Prior to Enrollment

The faculty and staff of the Department of Computer Science must ensure that all applicants to graduate study are accurately informed about current degree requirements as well as financial aid and other support mechanisms and facilities. Accordingly, the following means for such communication are the responsibility of the people or committees identified:

Gradaute Programs Publicity Materials

The department chair and/or the faculty member appointed to oversee and update all departmental publications, such as the graduate brochure and graduate poster, are responsible. Updating must be done with inputs from all faculty and relevant faculty committees, especially GAFA and GPEC (see below), as well as the graduate programs secretary.

Department Web Site

The appointed departmental webmaster must ensure that only current descriptions of graduate programs and regulations are posted.

Detailed Regulations for Graduate Studies

It is impossible to include all detailed rules and policies in the biannual graduate brochure. Instead, students should refer to "Regulations for Graduate Studies," the internal, 20-page document that is the responsibility of the Graduate Programs and Examinations Committee (GPEC). This document is available to students either in hard copy or on the department Web site.

Direct, Personal Communication

The chair and other faculty members of the Graduate Admissions and Financial Aid Committee (GAFA), in addition to the Graduate Programs Secretary, respond to all written inquiries, including e-mail, from prospective graduate students.

New Student Orientation

Orientation programs are the responsibility of the chairs of GAFA and GPEC, the faculty member responsible for TA work assignments, the graduate programs secretary, and various other staff and faculty. These programs run prior to the beginning of the term for which the students are enrolling.

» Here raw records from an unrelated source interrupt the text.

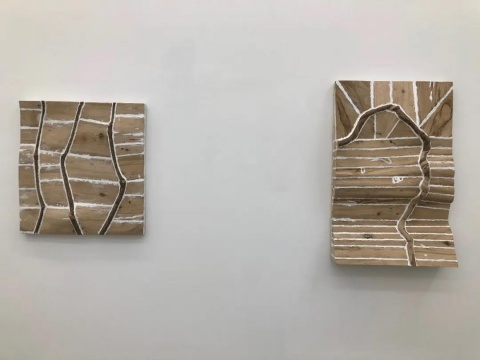 康靖?jìng)€(gè)展墨方Mocube，從樹(shù)木出發(fā)的雕塑與空間研究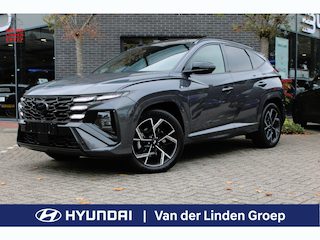 Hyundai Tucson 1.6 T-GDI HEV N Line Sky Full Option! + Trekhaak "RIJKLAARPRIJS"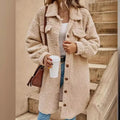 VORINAOversized Teddy CoatWomen's Coats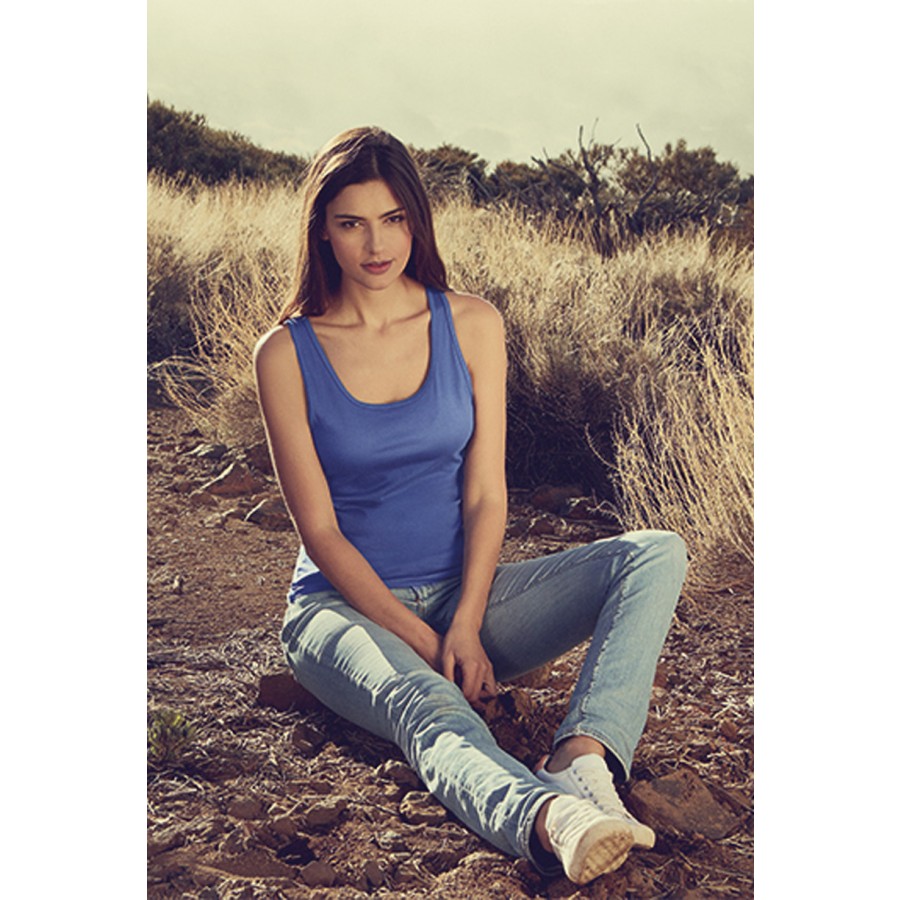 Damen Roundneck Tanktop – Bild 2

The above-mentioned "Regulations for Graduate Studies," updated whenever necessary, is particularly helpful during the initial orientation of new graduate students. Some highlights from this document follow:

Advisors and Student Evaluations

When students enter the department, they are assigned a temporary advisor. This advisor guides the student in selecting courses and provides advice and information about the student's academic program. The advisor signs the student's registration form each semester, unless the student is on probation. (During a probationary period, the student must have the registration form signed by the graduate enrollment officer.)

A student may change advisors at any time, after obtaining the agreement of the new advisor. Advisors present information about their students at the annual student performance evaluation meeting.

When a student begins independent work on either an MS or PhD project, they will negotiate with a faculty member to supervise this work and to become the student's principal advisor. The principal advisor replaces the temporary advisor, and assumes the responsibility for guiding the student in their academic program, for signing their registration form, and for presenting information about them at the annual student performance evaluation meeting. The principal advisor also guides the student in selecting an appropriate research problem for an MS project, MS thesis, or PhD dissertation, and oversees the work.

All students should meet with their advisor at least once per semester. Students engaged in research will normally meet with their advisor much more frequently.

Annual Student Performance Evaluation Meeting

Every spring, the department faculty hold a meeting to evaluate student progress. Information about each student's academic progress during the previous 12-month period is presented by their advisor. It is the student's responsibility to provide the advisor with any supporting material requested for the evaluation meeting. After the meeting, students will receive a letter from the GPEC chair describing the faculty's assessment. Students who are not making satisfactory progress in the program will be sent a warning letter stating specific performance goals. Failure to meet those goals may result in termination from the program.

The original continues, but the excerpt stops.